Les photographies de la série [TIMESCAPES] portent un regard engagé vers la soif de domination que l’être humain produit sur son environnement, et qui ne cesse de définir ce début de XXIe siècle. Ces questionnements demeurent propres à l’extrême contemporain, avec l’impossibilité du paysage et la crise de l’urbanité, l’émergence de non-lieux et la tentative pour inventer des lieux où vivre, face à l’implacable déconstruction structuraliste du sujet. Le capitalisme, né de l’ère Anthropocène, ce « Siècle de l’Homme » initié avec la Révolution industrielle, a investi notre langage visuel dans lequel tout un imaginaire urbain s’est structuré, construit, architecturé, et où s’institue un système ayant recours à la réalité et à la fiction, entre réalité sociale et imaginaire poétique, entre documentaire et fiction.

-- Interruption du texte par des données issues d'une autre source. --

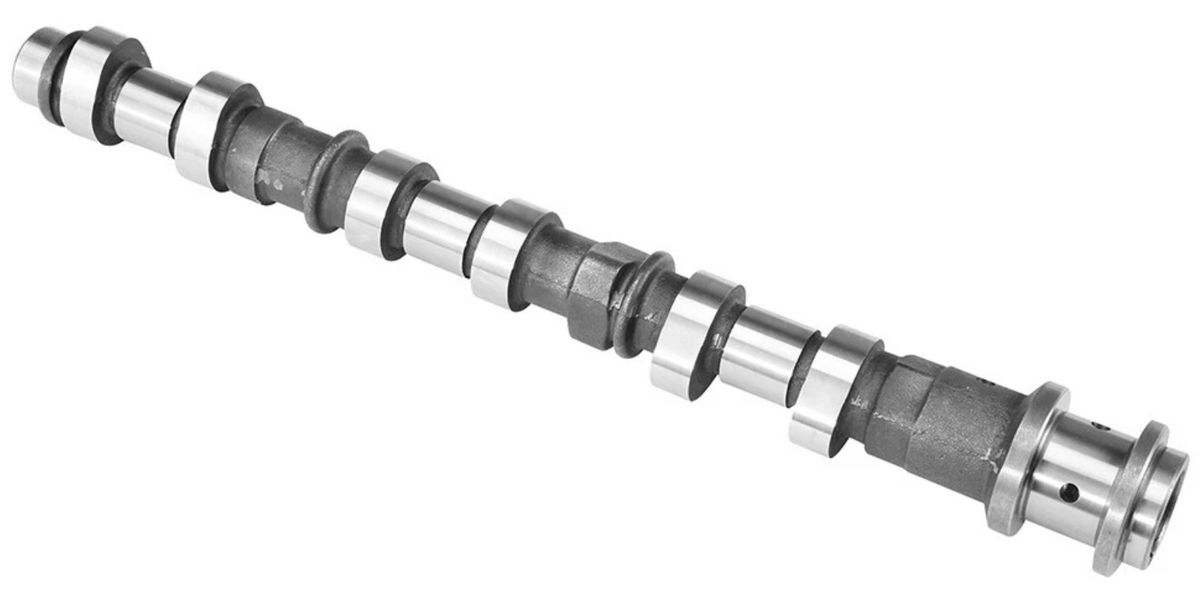 5184379AG 11-15 Chrysler Pentastar 3.6L Driver Side Intake Camshaft
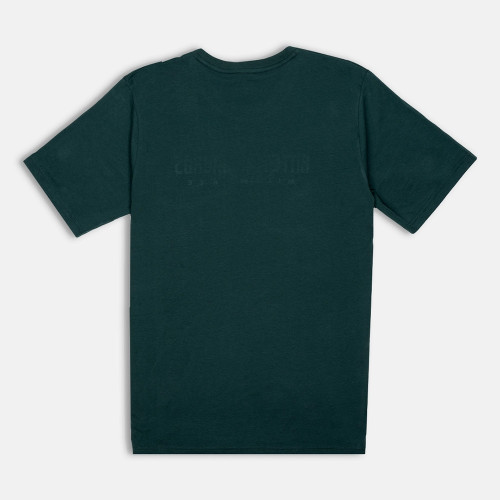 Antetokounbros Ανδρική κοντομάνικη μπλούζα Location T-Shirt Milwaukee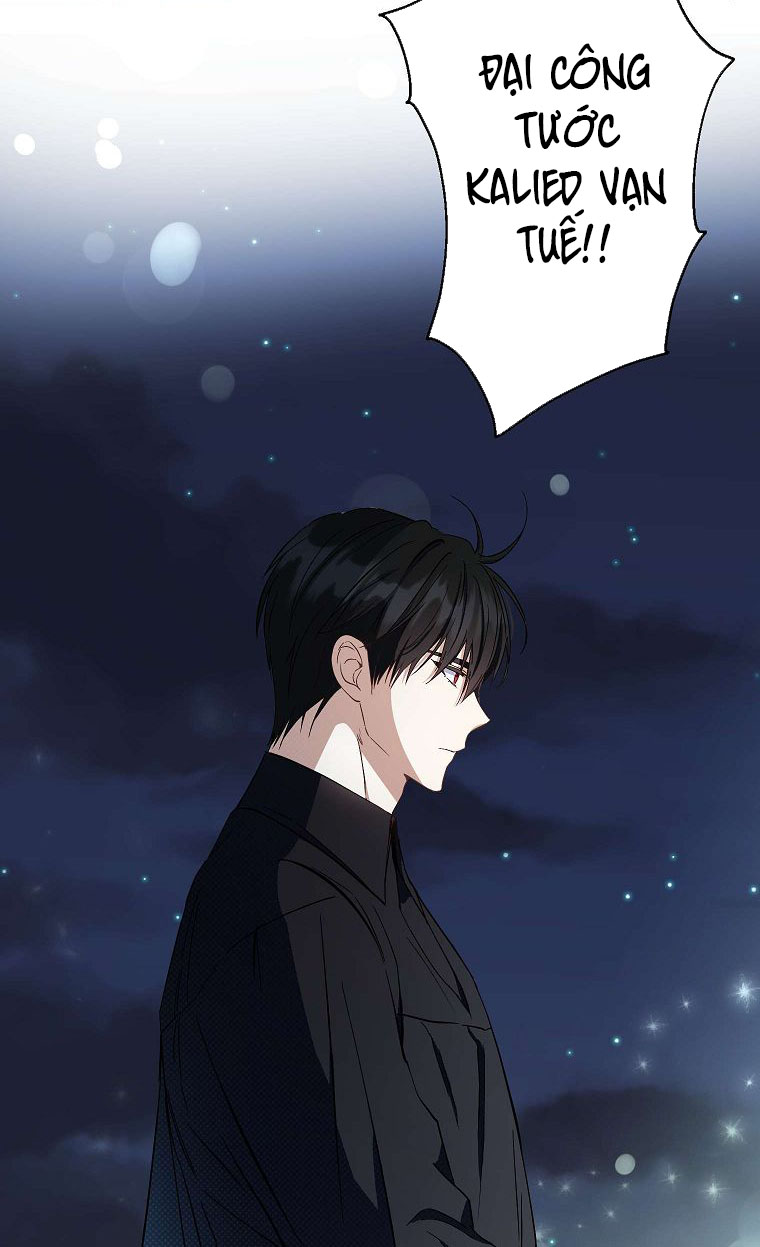 cuộc hôn nhân giả dối chapter 96.1 34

Un système dont les espaces-mondes créent des formes particulières, des formes esthétiques qui deviennent les cadres privilégiés de fictions représentatives de l’espace contemporain. En d’autres termes, cet extrême urbain contemporain né du Capitalocène se traduit par une urbanisation galopante de la planète, où les villes-mondes finissent par définir à elles seules de nouvelles formes de l’urbain. Tous ces non-lieux photographiques désignent des espaces-mondes, ce sont des images de territoires qualifiés d’intermédiaires ou d’intercalaires. À la fois constructions ou déstructurations démultipliées de l’environnement urbain, ces images donnent à voir un système particulier, celui d’un appareil de capture et de distribution des flux. Il s’agit de l’illustration de la technosphère qui désigne la partie physique de l’environnement affecté par les modifications d’origine anthropique, c’est-à-dire la totalité des constructions d’origine humaine, des premiers outils jusqu’aux dernières avancées technologiques, en passant par les infrastructures, les marchés industriels, les différents moyens de transport et l’ensemble des produits transformés. C’est ainsi que les changements de la Terre deviennent le reflet des changements de nos sociétés humaines.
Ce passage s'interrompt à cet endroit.